--- START ---

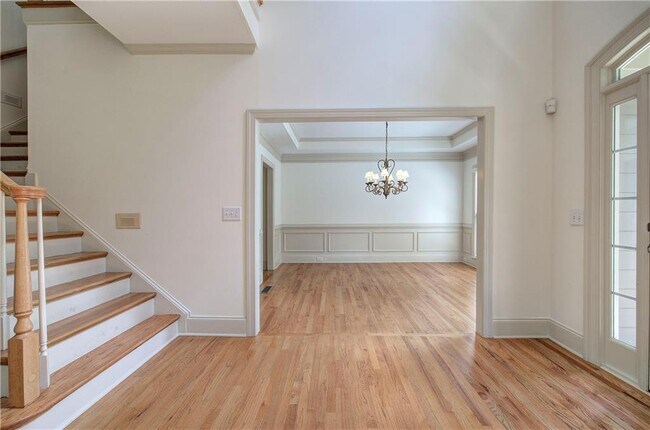 Building Photo - 2320 Starr Lake Dr NW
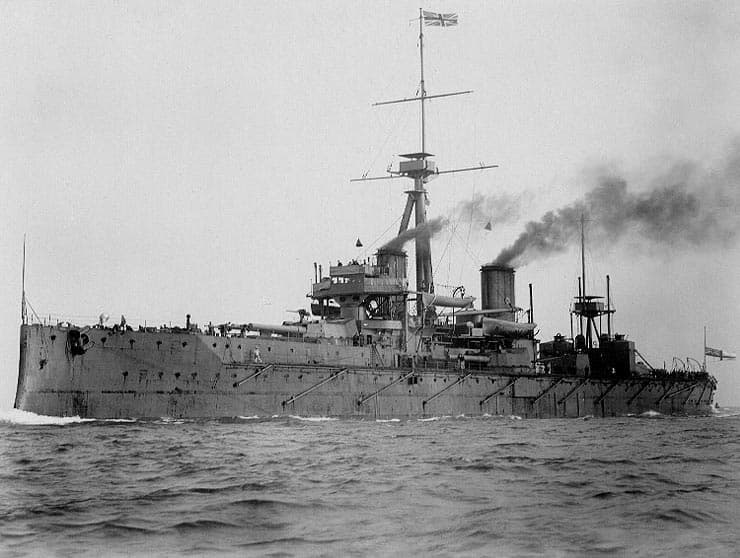 HMS_Dreadnought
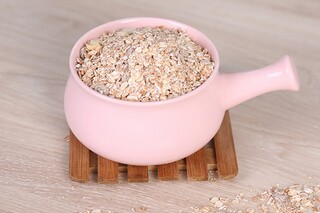 惊人的近义词（语出惊人的近义词）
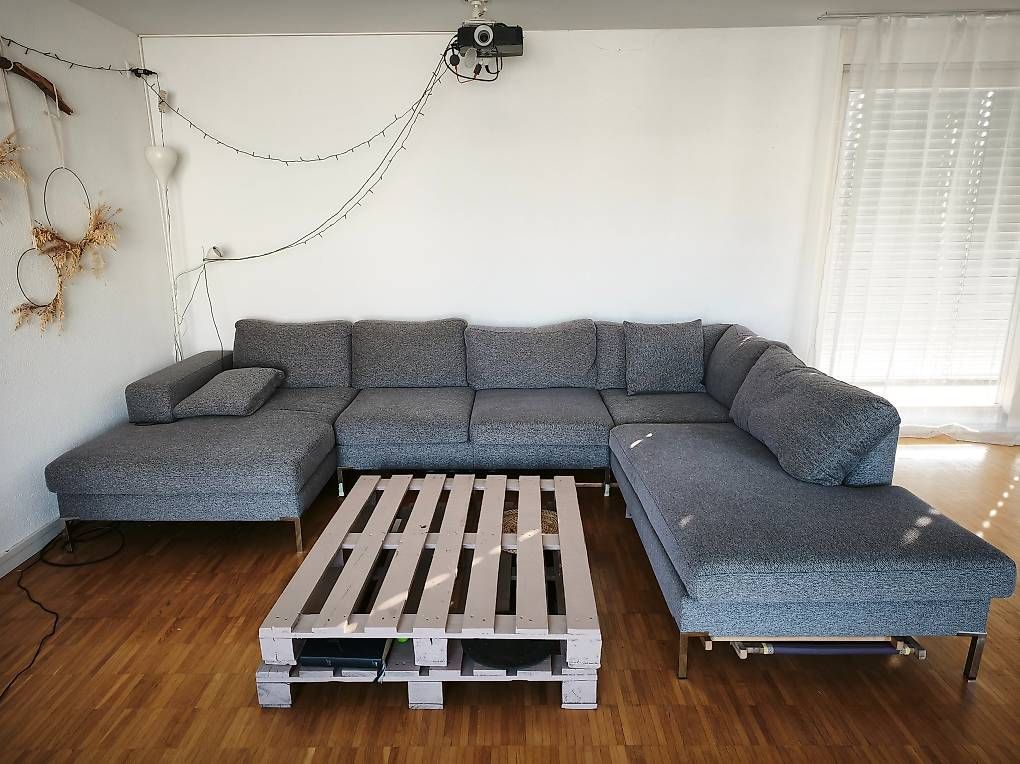 Divani: Bequemes Sofa in Grau & guter Zustand – Usato da Dietikon venduto da Annika_Sa 4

--- END ---

> _Exercise brief_: Where pictures sit among the data above, omit them, and output the rest exactly.

> _Exercise output_:
 Building Photo - 2320 Starr Lake Dr NW
 HMS_Dreadnought
 惊人的近义词（语出惊人的近义词）
 Divani: Bequemes Sofa in Grau & guter Zustand – Usato da Dietikon venduto da Annika_Sa 4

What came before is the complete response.